Welfare Money Being Used to Post Bail?
Rachel Sheffield /
Welfare cash may have been used to get a Massachusetts drug dealer “out of jail free.”
The Boston Herald reports:
Kimball Clark, 45, was locked up Friday on drug-dealing charges—again—when he was overheard using his one phone call to ask the person on the other end of the line to “get my EBT [Electronic Benefit Transfer] card and go to the ATM and get the money to bail me out, get me outa here tonight,”’ according to a Boston police report.
The EBT system provides benefits—including food stamps and cash assistance—through a plastic debit card.
Although Clark posted bail, says the Herald, where he got the money remains unverified.
But that’s part of the problem. State Representative Russell E. Holmes (D) said that “there’s no way to track it. When it comes to how much of this has happened in jail, there’s no way for us to know that.”
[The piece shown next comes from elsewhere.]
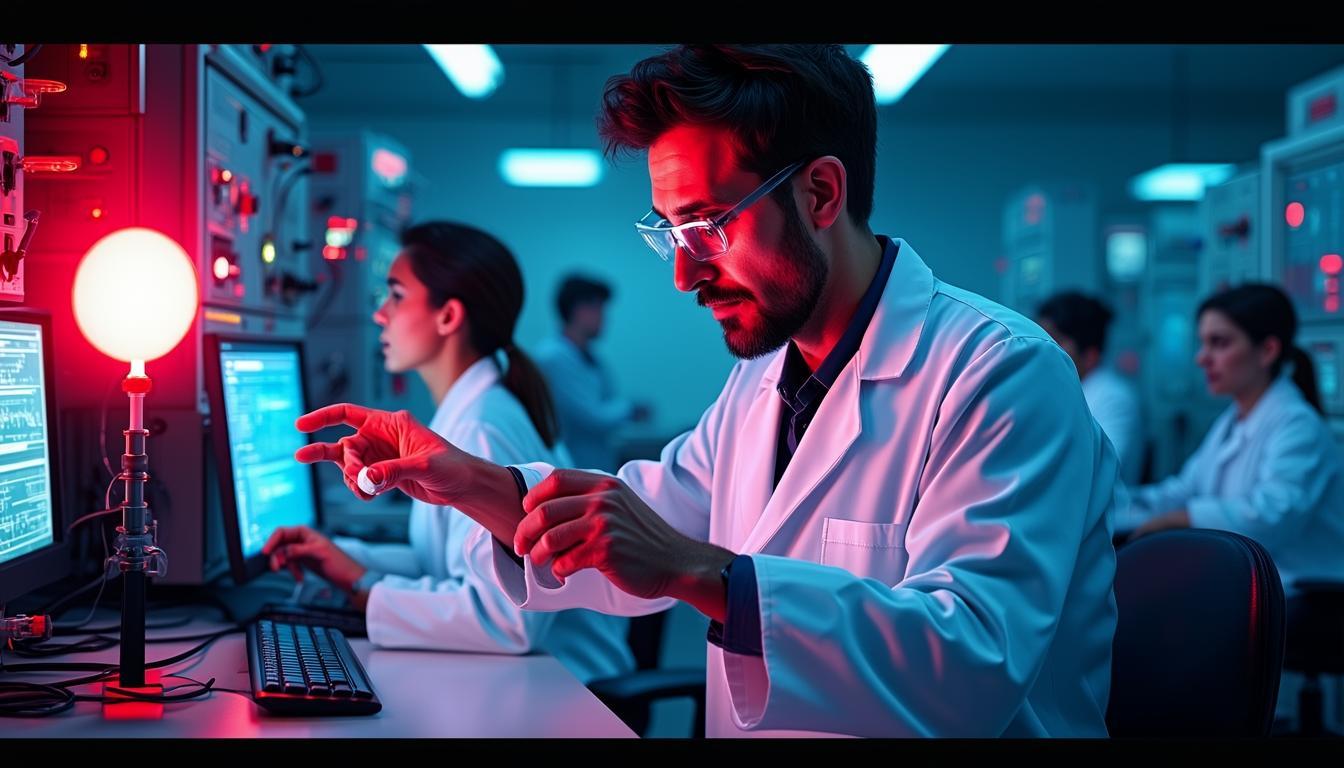 美客多緊急暫停所有蒸餾酒類產品廣告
“It’s another outrage,” said Massachusetts state Representative Shaunna O’Connell (R). “When we were on the EBT Card Commission, I fought to get bail bondsmen on that list of places where people could not use their EBT cards. They fought me on it and told me people can’t use their EBT cards in that way.”
O’Connell went on:
The problem is that you can tell people they can’t use their cards here, but when they can go across the street, get cash and then pay their bail or get a tattoo, that’s the problem.… You can’t stop that. It always comes back to cash access.
According to the federal government’s own data, welfare fraud is costing taxpayers billions each year. On top of fraud, recent events such as an Alabama nightclub advertising a “Food Stamp Friday” party ($5 entry with a food stamps card and free shots at the door) illustrate a great need to reform a welfare system that fails to promote personal responsibility.
The vast majority of the federal government’s 70 plus welfare programs do not include measures to promote self-reliance. Work requirements or time limits are either non-existent or weak. Additionally, the federal government has even been promoting measures to make it easier for individuals to get on welfare and stay on it.
Government dependence does not help individuals; it creates a culture of entitlement where fraud can flourish. Welfare programs should encourage personal responsibility by promoting work. Doing so respects not only the dignity of individual in need but also American taxpayers.